- VHS video cover (UK version)
- Directed by: Franklin Adreon
- Written by: Arthur C. Pierce
- Produced by: Earle Lyon
- Starring: Michael Rennie; Karen Steele; Wendell Corey; Warren Stevens;
- Edited by: Frank P. Keller
- Music by: Paul Dunlap
- Production company: Harold Goldman Associates
- Distributed by: United Pictures Corporation
- Release date: October 1966;
- Running time: 86 minutes
- Country: United States
- Language: English

= Cyborg 2087 =

1966 film by Franklin Adreon

Cyborg 2087 is a 1966 science fiction film directed by Franklin Adreon and written by Arthur C. Pierce. The film stars Michael Rennie, Karen Steele, Wendell Corey, and Warren Stevens.

==Plot==

In 2087, free thought is illegal and the population is controlled by governments. A small band of free thinkers sends Garth A7, a cyborg, back in time to 1966 to prevent Professor Sigmund Marx from revealing his new discovery. The discovery will eventually make mind control possible and create a tyranny in Garth's time. He is pursued by two "Tracers" (also cyborgs) sent by the government to stop him.

Garth enlists the help of Dr. Sharon Mason, Marx's assistant. He gets her to summon her friend, local biologist Dr. Zeller, to remove a homing device used by the Tracers to track him. The local sheriff, police, and newspaper editor also become involved.

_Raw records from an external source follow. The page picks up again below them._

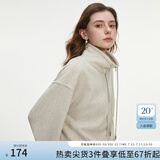 范思蓝恩半拉领廓形落肩加绒加厚重磅卫衣女冬季2024新款14491 燕麦灰上衣 XS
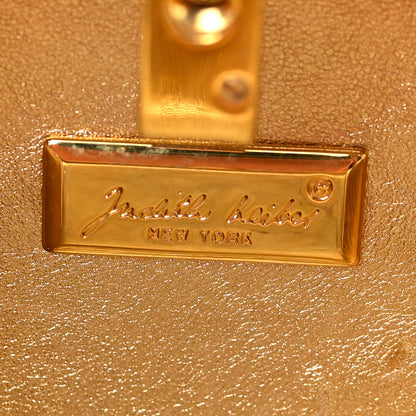 Judith Leiber Swarovski Crystal Minaudiere Clutch Gold Black White 6 of 8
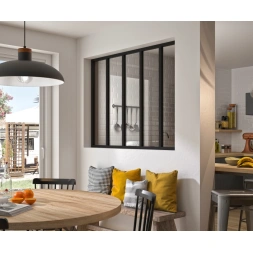 Verrière atelier 5 carreaux noir mat sablé 1080 x 1487mm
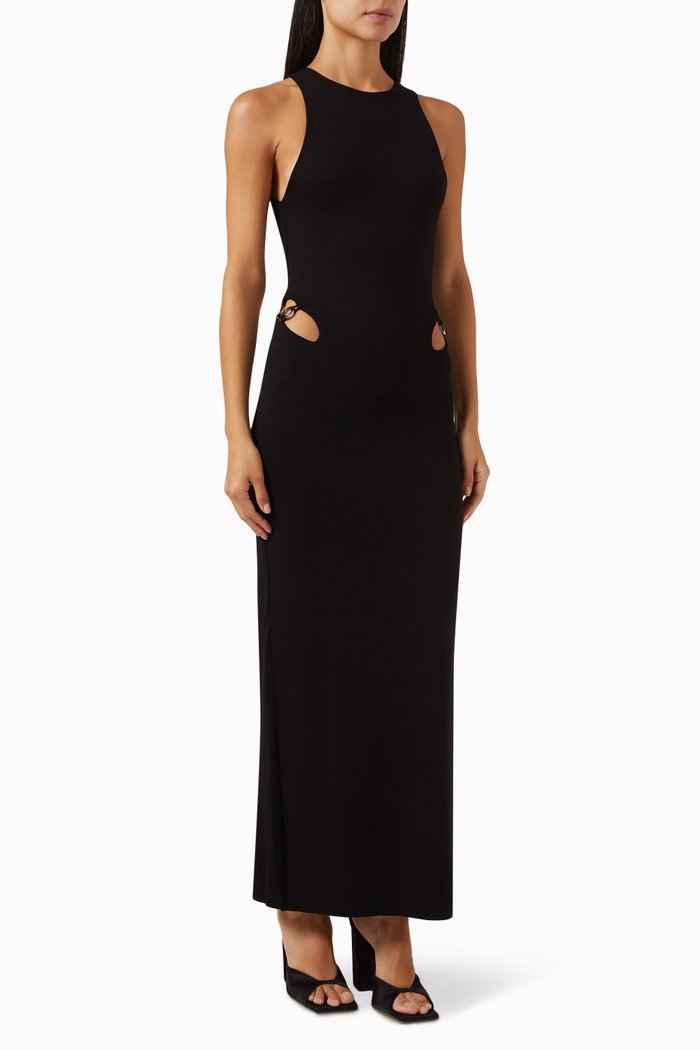 Serena Maxi Dress in Viscose-blend, Black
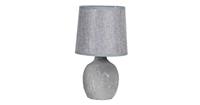 Clayre & Eef TAFELLAMP | Ø 15*26 CM E14/MAX 1*40W | GRIJS | KERAMIEK | ROND |  | 6LMC0014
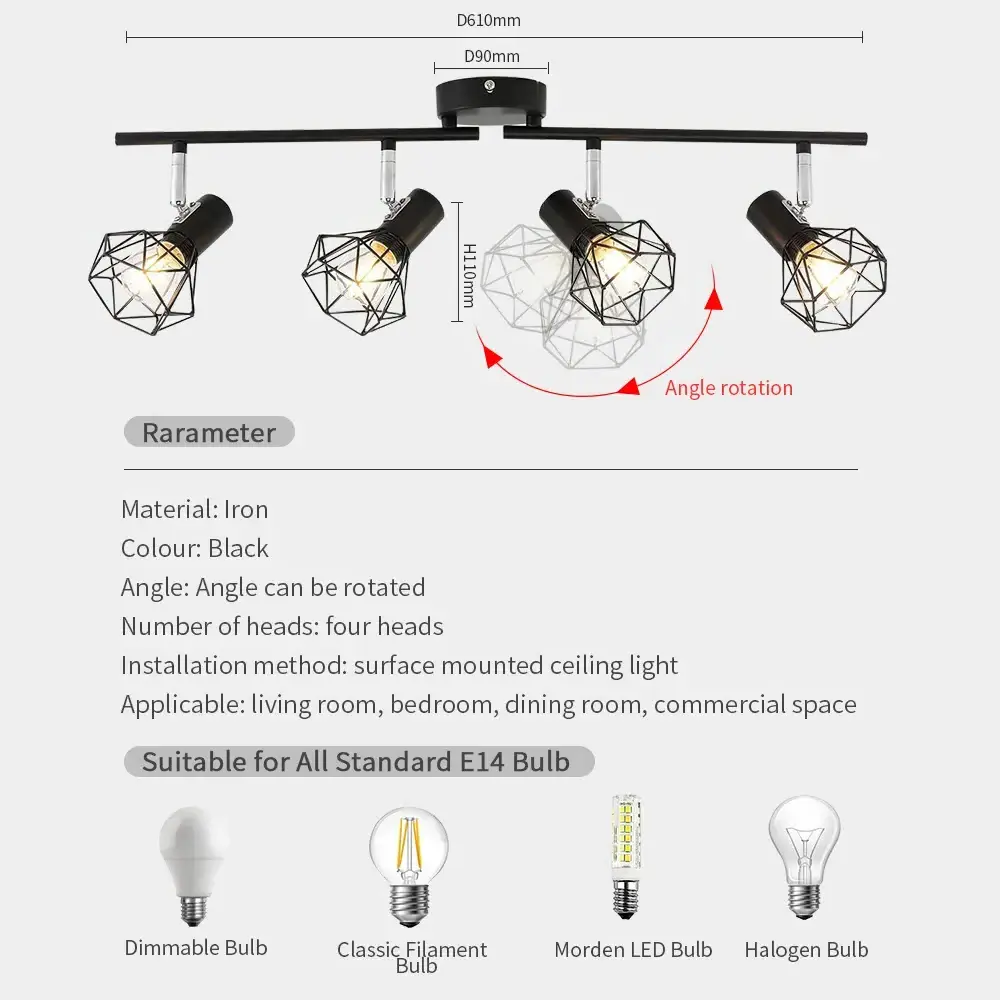 Led Track Light  E14 Ceiling 2 Head Lighting Fixture  for Living Room Kitchen  Utility Room Bedroom Kitchen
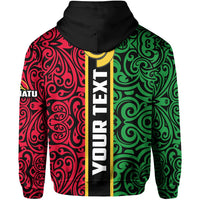 Custom Vanuatu Rugby Zip Hoodie Polynesian Flag Style - Polynesian Pride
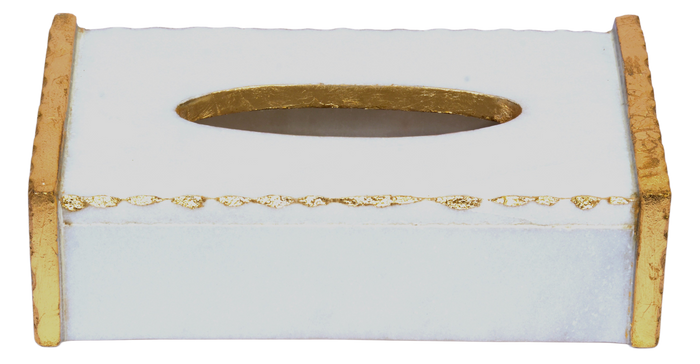 White Marble Tissue Box with Gold Foiling — Household Item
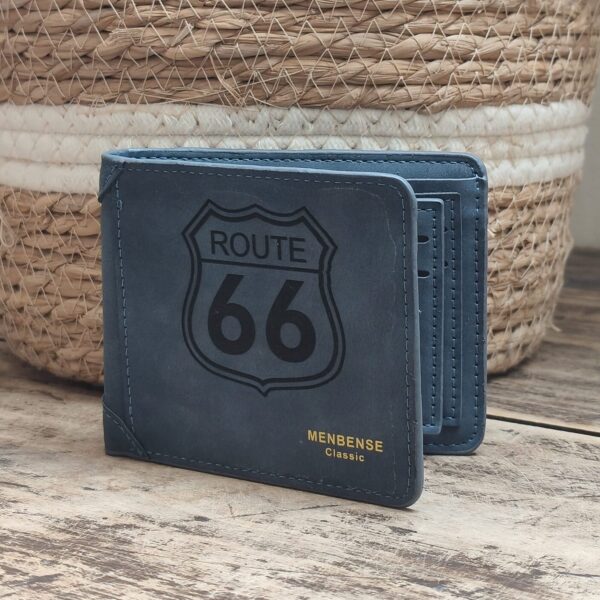 Portefeuille Route 66 en cuir PU gravé laser - DECOMOVE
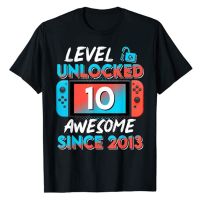 10 Years Old Clothes Level 10 Unlocked Awesome Since 2013 10th Birthday Gaming T-Shirt Gifts Gamer Graphic Tee Top Men Clothing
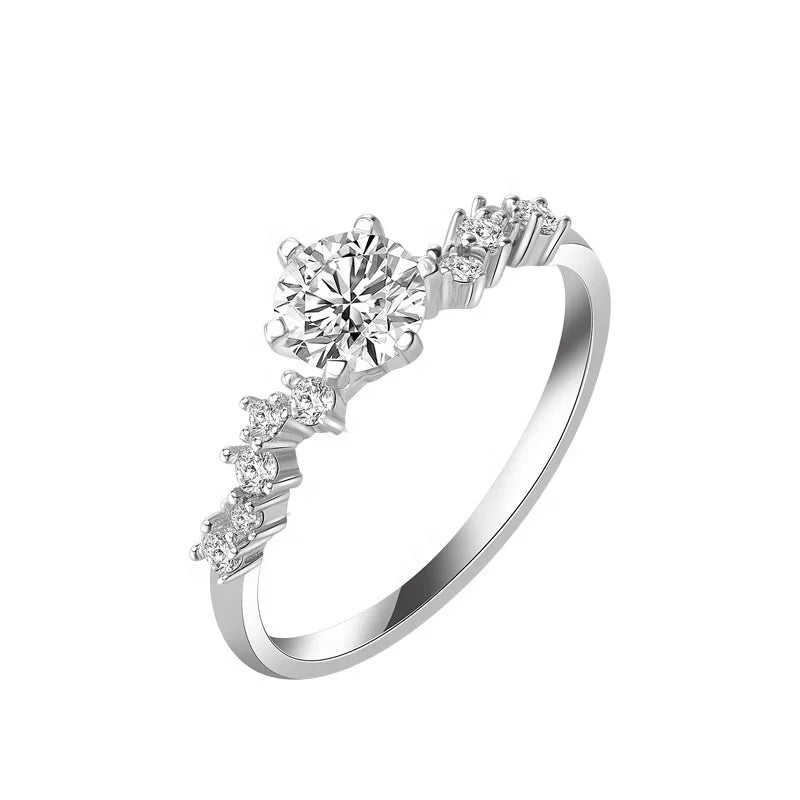 Luxury Jewelry Radiant Six-prong Star-studded Ring D Color Moissanite Engagement Rings 925 Sterling Silver 1ct Carat for Women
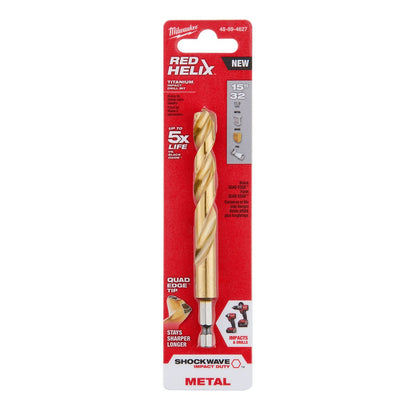 Milwaukee Tool Shockwave™ Red Helix™ Titanium Drill Bit  3/8" 1/2"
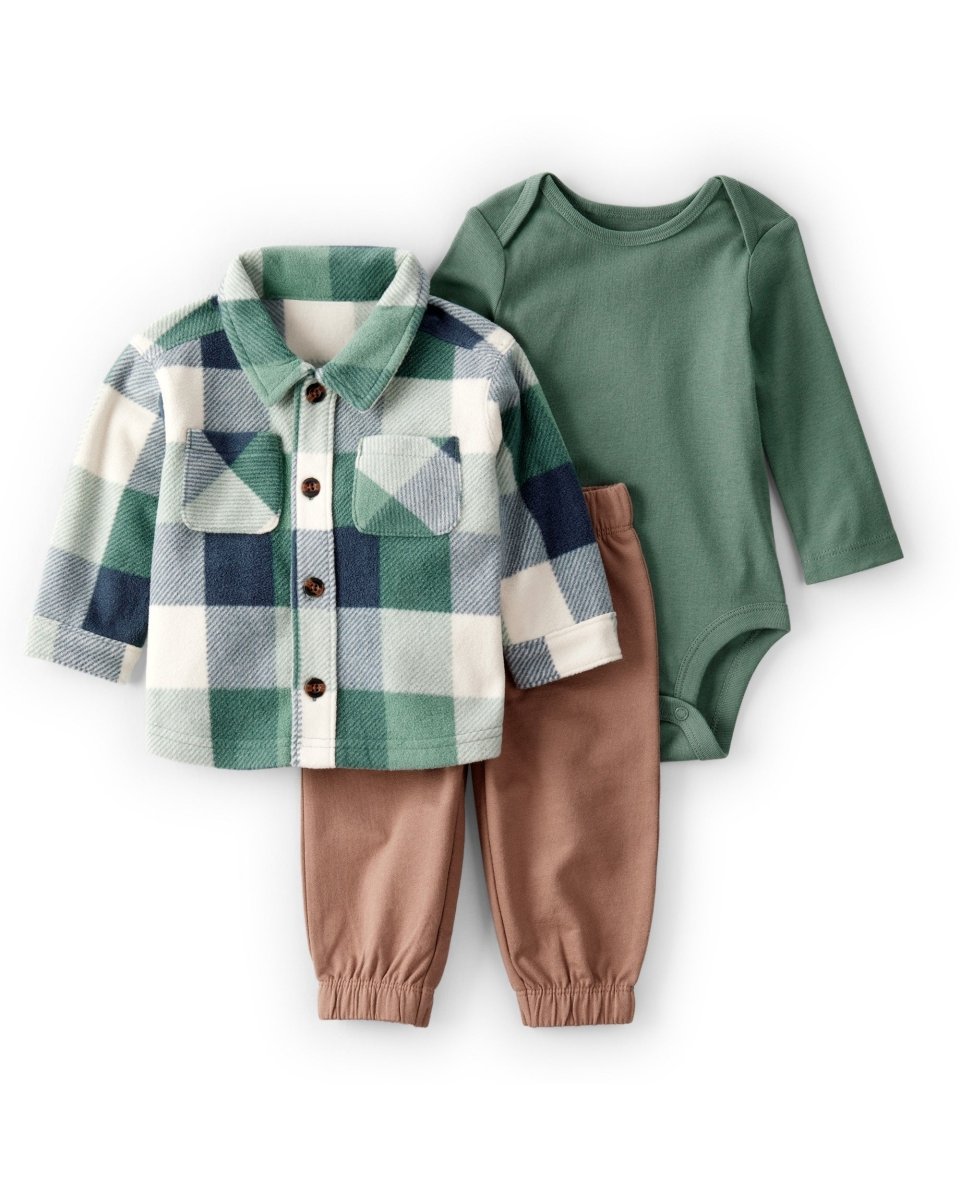 Conjunto 3 piezas cárdigan, camisa de cuadros y pantalón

Garth defeats the Tracers and convinces Professor Marx to keep his discovery secret. Then, with his future wiped out as a result, Garth ceases to exist; the people who helped him do not even remember him.

==Reception==

TV Guide rated it 1/5 stars and wrote that it is "an honest attempt make a statement, but it is poorly executed". The Encyclopedia of Science Fiction noted the similarities between this film and Terminator 2: Judgment Day. It said that while the movie had a better grasp of time travel paradoxes than other movies of the era, that the performances were weak. DVD Talk found that while the movie was cheap, it was better than its reputation.

==Production==

It was part of a series of nine low-budget films produced by United Pictures Corporation. The films were intended for TV distribution, but they had theatrical releases. The writer and director's next film, Dimension 5, also featured time travel. The budget was $100,000 in 1966.

==Home media==

It was remastered and released on Blu-Ray in 2017. It was released in the United Kingdom with minor cuts, reducing the run time by two minutes.

==See also==
- List of American films of 1966

==Sources==
- Green, Paul (2014). "Jeffrey Hunter, the Film, Television, Radio, and Stage Performances"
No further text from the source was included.